|Several Things I Want to Say to New Writers
||[Sep. 4th, 2007|09:13 pm]
1. Always put a paragraph break between two people speaking.
2. You do not capitalize the first word when connecting dialogue with a sentence, such as: "blah, blah, blah," he said. In this case, 'he' should not be capitalized.
3. Pick a character and stick to him. Do not change your point of view in the middle of a scene.
4. Spell check.
5. Shorter and simpler is better. You do not need an adjective attached to every noun. Break up your sentences when possible. You do not need to use words like 'onyx' or 'raven' for effect. 'Black' is fine.
6. Choose a tense and stick to it.

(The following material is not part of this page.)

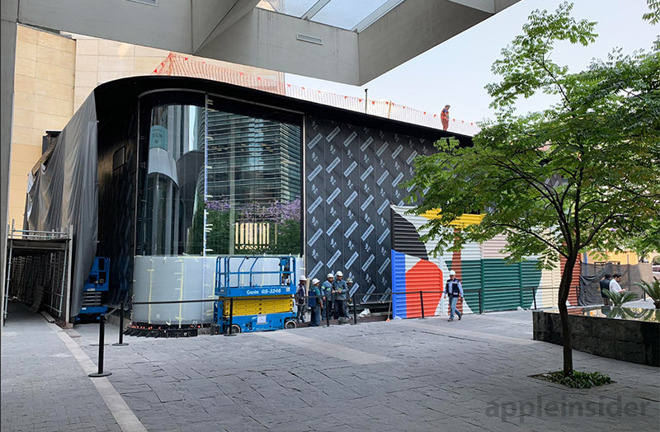 Apple's First Latin American Flagship Store to Open in September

In most cases, this is past tense. Present tense can be interesting, but it tends to be harder to pull off well. Master the basics before you try to be the next Stephen King.
7. Your very first review will probably be along the lines of 'you suck.' I suggest you believe it. This is not a good reason to stop writing. If you pick up a pen and try to draw something for the first time, you will suck. This is the way art works.
You may break many of these rules after you have learned them, but they should be broken sparingly, and only with a sure and clear picture of their effect.
I just felt like posting this.
Note: Dear LJ, why do you not recognize 'dialogue' as a word?